Libyan leader Muammar Gaddafi has been elected as chairman of the 53-nation African Union.
Col Gaddafi was elected by delegates at the AU summit in Ethiopia.
A BBC correspondent at the summit says Col Gaddafi was seen to be the obvious choice, but some delegates are uneasy about his nomination.
AU spokeswoman Habiba Mejri-Sheikh said Col Gaddafi was elected "by the heads of state in a closed-door session, for a one-year period".
"He is currently addressing the assembly as president, to outline his programme and his intentions," she said.
Col Gaddafi replaces the Tanzanian president, Jakaya Kikwete.
In its earlier sessions, AU delegates called for a lifting of sanctions against Zimbabwe.
The call followed the announcement on Friday that the opposition would be joining a unity government.
On Sunday, the summit debated a Libyan-backed proposal to set up a single government - the United States of Africa.

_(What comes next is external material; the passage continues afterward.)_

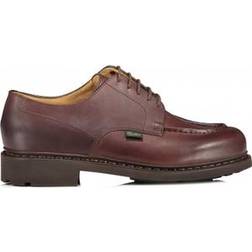 Paraboot Men's Chambord in Cafe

In a compromise, the summit agreed to transform the African Union Commission, which oversees the body, into an AU Authority that would have a broader mandate, Mr Kikwete said.
"In principle, we said the ultimate is the United States of Africa. How we proceed to that ultimate - there are building blocks," Mr Kikwete said.
Malawi's President Bingu wa Mutharika said governments wanting greater unity could go ahead on their own, without worrying about splitting Africa.
The chairmanship of the African Union is a rotating position held by heads of state for one year.
The BBC's Elizabeth Blunt in Addis Ababa says it was the turn of North Africa to lead the bloc, and Col Gaddafi was seen as the obvious choice. However, some African leaders believe the Libyan leader is too erratic to be AU chairman.
Before he arrived at the summit, he circulated a letter saying he was coming as the king of the traditional kings of Africa and he wanted to be seated as the king of kings, our correspondent says.
Col Gaddafi has previously outlined his vision for African unity.
He wants a single African military force, a single currency and a single passport for Africans to move within the continent.
Last August, a meeting of more than 200 African kings and traditional rulers bestowed the title "king of kings" on the Libyan leader.